Con “Vaticano Proibito” un altro “terribile inquisitore” della carta stampata come Mario Guarino si è infilato ancor più in profondità nel buco nero degli intrighi finanziari della curia romana, ripartendo addirittura dalla nascita di Gesù e tirando fuori tutte le polemiche e gli scandali legati ai papi “usurai”, alla compravendita dei papati, alla vendita di armi, alle “frequentazioni indecenti”, al “paradiso immobiliare” e a quelli fiscali, al marketing delle santificazioni: del resto, anni addietro quando la curia romana era in grado ancora di reggere l’urto delle accuse più pesanti, con un altro libro, aveva “smontato” l’aureola di padre Pio ed il relativo circuito affaristico. E la casa editrice che ha deciso di pubblicare “Vaticano Proibito”, la romanissima Koinè (www.edizionikoine.it), non si può certo bollare come “comunista mangiapreti” visto che il suo catalogo testimonia l’esigenza di indagare senza reticenze, compromessi o sconti sia a “destra” che a “sinistra”.

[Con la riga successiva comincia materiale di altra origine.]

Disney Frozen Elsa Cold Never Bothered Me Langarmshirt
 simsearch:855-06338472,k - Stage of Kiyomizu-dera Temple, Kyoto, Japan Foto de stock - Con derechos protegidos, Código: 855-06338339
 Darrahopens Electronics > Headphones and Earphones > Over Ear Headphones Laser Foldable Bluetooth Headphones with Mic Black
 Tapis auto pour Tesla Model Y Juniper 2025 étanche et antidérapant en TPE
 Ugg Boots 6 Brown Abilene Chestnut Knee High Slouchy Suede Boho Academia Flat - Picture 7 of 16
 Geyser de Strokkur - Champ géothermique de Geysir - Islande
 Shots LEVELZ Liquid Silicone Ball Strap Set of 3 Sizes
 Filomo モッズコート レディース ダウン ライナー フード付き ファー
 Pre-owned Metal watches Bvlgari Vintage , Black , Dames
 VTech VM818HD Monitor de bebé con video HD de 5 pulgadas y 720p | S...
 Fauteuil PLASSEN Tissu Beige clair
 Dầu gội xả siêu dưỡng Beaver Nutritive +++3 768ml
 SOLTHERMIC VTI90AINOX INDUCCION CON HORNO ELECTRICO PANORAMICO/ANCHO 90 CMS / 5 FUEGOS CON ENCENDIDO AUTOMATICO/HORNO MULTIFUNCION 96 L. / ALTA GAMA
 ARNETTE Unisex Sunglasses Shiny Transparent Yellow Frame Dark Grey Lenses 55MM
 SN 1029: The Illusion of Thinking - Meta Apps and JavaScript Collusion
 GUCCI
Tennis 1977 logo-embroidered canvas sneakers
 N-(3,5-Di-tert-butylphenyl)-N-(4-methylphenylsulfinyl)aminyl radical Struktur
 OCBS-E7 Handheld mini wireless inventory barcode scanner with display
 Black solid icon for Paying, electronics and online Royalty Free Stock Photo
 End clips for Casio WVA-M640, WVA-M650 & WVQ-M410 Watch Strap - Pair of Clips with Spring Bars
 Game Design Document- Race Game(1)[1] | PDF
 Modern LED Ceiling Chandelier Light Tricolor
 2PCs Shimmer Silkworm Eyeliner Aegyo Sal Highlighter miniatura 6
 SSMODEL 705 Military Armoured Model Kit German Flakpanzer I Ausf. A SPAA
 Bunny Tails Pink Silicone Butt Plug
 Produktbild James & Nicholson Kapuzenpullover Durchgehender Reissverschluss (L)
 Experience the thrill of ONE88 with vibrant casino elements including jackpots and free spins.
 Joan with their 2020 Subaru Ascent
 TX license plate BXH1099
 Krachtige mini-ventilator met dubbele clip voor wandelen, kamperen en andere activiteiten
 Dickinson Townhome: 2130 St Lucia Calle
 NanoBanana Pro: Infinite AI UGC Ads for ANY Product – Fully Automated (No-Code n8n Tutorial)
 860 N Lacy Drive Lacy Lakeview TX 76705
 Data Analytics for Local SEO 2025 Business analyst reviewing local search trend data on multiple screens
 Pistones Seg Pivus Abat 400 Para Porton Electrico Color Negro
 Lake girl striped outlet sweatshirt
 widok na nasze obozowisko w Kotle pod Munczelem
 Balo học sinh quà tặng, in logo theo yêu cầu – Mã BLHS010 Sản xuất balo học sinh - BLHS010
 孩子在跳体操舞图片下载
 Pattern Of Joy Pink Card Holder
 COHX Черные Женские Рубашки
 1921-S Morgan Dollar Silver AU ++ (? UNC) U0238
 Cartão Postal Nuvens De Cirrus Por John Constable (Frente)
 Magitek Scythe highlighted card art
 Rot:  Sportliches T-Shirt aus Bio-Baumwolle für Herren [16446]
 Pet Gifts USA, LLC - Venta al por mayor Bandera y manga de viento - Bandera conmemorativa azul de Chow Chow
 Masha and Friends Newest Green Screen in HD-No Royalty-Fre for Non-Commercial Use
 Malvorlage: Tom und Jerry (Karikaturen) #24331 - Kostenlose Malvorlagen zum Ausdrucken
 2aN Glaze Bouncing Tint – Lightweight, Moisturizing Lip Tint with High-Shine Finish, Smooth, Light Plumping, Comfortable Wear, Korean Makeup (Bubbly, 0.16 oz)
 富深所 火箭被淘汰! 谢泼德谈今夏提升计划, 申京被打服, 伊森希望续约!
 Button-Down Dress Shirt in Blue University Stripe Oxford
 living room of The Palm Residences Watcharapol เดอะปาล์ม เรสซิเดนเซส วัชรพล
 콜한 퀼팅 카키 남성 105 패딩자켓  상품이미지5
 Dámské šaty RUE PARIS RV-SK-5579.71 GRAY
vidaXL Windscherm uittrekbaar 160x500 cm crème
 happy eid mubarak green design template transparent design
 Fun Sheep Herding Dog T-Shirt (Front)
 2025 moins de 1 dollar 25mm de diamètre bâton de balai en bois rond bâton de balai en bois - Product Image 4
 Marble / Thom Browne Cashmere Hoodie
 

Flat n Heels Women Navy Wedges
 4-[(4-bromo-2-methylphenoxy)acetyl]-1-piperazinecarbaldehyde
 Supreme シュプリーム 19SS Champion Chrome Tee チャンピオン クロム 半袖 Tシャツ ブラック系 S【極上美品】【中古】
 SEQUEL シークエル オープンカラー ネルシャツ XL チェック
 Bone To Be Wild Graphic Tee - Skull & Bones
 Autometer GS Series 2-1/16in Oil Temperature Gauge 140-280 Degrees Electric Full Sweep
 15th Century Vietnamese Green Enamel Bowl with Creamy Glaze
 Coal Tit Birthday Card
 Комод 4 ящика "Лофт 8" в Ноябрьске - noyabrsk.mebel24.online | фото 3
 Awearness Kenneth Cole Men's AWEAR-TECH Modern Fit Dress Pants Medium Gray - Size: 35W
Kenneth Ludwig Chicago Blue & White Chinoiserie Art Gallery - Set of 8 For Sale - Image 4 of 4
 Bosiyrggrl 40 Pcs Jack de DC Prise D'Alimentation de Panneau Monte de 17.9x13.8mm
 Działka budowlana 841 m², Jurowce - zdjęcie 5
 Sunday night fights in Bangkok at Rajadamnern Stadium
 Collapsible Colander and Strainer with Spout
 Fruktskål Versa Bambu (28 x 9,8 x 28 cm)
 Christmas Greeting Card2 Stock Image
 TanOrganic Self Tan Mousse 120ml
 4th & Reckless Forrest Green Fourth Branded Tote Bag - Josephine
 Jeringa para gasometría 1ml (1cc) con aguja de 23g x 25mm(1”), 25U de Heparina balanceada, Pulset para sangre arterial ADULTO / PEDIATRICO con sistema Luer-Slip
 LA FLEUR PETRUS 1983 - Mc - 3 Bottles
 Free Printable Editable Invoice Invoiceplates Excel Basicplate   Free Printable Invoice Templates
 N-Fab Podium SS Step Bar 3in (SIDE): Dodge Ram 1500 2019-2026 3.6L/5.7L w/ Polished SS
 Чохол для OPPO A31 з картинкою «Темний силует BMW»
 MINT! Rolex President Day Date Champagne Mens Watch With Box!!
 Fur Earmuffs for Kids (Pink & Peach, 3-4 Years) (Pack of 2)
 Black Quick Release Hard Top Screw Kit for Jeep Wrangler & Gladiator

“Concorrente” (o collega) di Pinotti, Livadotti e Guarino è l’americano Jason Barry che in “La Cassa del Vaticano” – disponibile da poche settimane anche nelle nostre librerie grazie alla traduzione di Newton Compton (www.newtoncompton.com) – cerca di scoprire dove finisce tutto il denaro che ogni giorno confluisce nelle casse pontificie sotto forma di oboli, lasciti e donazioni pubbliche e private e, dunque, di rispondere alle stesse domande che si sono già poste i suoi omologhi italiani: perché il Vaticano, uno degli Stati più piccoli e più ricchi al mondo, ci chiede continuamente soldi per le sue missioni e le sue opere di carità? Come vengono utilizzate le grandi somme che ricava dal suo preziosissimo e immenso patrimonio immobiliare? Quanto davvero viene investito in opere assistenziali e caritatevoli?